The Navy’s plan of choice is one of 15 options included in a draft environmental impact statement (EIS), which outlines potential impacts of increasing the number of EA-18G Growler jets and related operations at the base.

While the final EIS has not been released, the Navy stated in a Monday news release its preference “provides the best training for our pilots and impacts the fewest number of residents living in the community.”

“This is what the Navy believes will work best operationally,” said Ted Brown, environmental public affairs officer with the U.S. Fleet Force Command.

The base is the home of the Navy’s Airborne Electronic Attack wing.

In 2015, the Navy retired the EA-6B Prowlers from service, replacing them with the more modern Growlers.

If the Navy’s plan is approved, the additional jets would bring the base to 118 Growlers by 2022, Brown said.

With that would come a personnel increase, he said.

The 36 additional Growlers would bring about 600 personnel plus their families to the area, Brown said. That number would be offset by the loss of a P-3 Orion squadron, bringing the net increase to 200 personnel plus family members.

If approved, the Navy’s plan would increase aircraft operations at both Ault Field, the base’s main facility, and its Outlying Landing Field (OLF) in Coupeville.

Under the proposal, the Navy estimates 88,000 aircraft operations would be held annually at Ault Field, about four times as many as would be held in Coupeville, the release states.

About 24,100 aircraft operations would be held at OLF Coupeville, according to the release. Of those, 23,700 would be field carrier landing practices, which equates to about 12,000 flights.

The Navy states OLF Coupeville is vital for training because the flat, elevated terrain and lighting conditions are similar to that of an aircraft carrier.

“The Outlying Landing Field is used almost exclusively for field carrier landing practices,” Brown said. “The training is much more realistic there.”

Some people and groups have complained that the Growlers are louder than the Prowlers they replaced, but the Navy has contended that the decibel levels are similar.
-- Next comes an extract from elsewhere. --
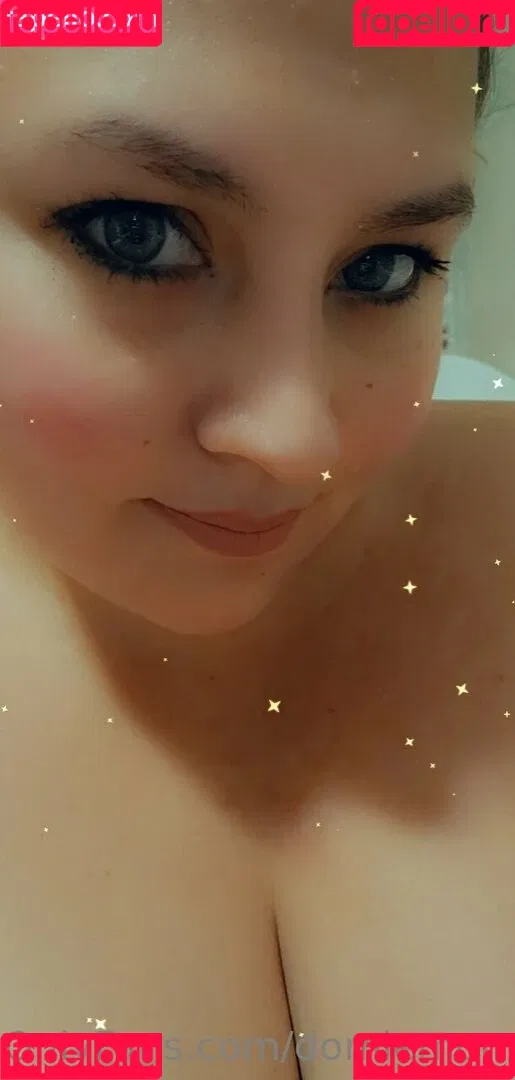 domiemomie Onlyfans Photo Gallery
A "Fact Sheet" on the NAS Whidbey Island website indicates that, depending on conditions, there are times when each aircraft has been measured as louder than the other.

In a statement released Tuesday afternoon, U.S. Rep. Rick Larsen stated he was concerned with the increased use of OLF Coupeville, which he said is a “departure from the historical distribution of planes and flight patterns” at the base.

“The announcement of the Navy’s preferred alternative represents a significant increase in both flights and noise, particularly for areas around the outlying field in Coupeville,” Larsen said in the release.

The number of landing practice operations in the Navy’s preferred choice is less than what was projected in the draft EIS, Brown said, thanks in part to new landing gear that makes landing easier and decreases training needs.

“That makes the very difficult landing much easier and safer for our aviators and will reduce the current field carrier landing practices by at least 20 percent,” Brown said.

In addition, fewer pilots will be participating in the operations, further decreasing the number of landing practices from what was stated in the draft EIS, Brown said.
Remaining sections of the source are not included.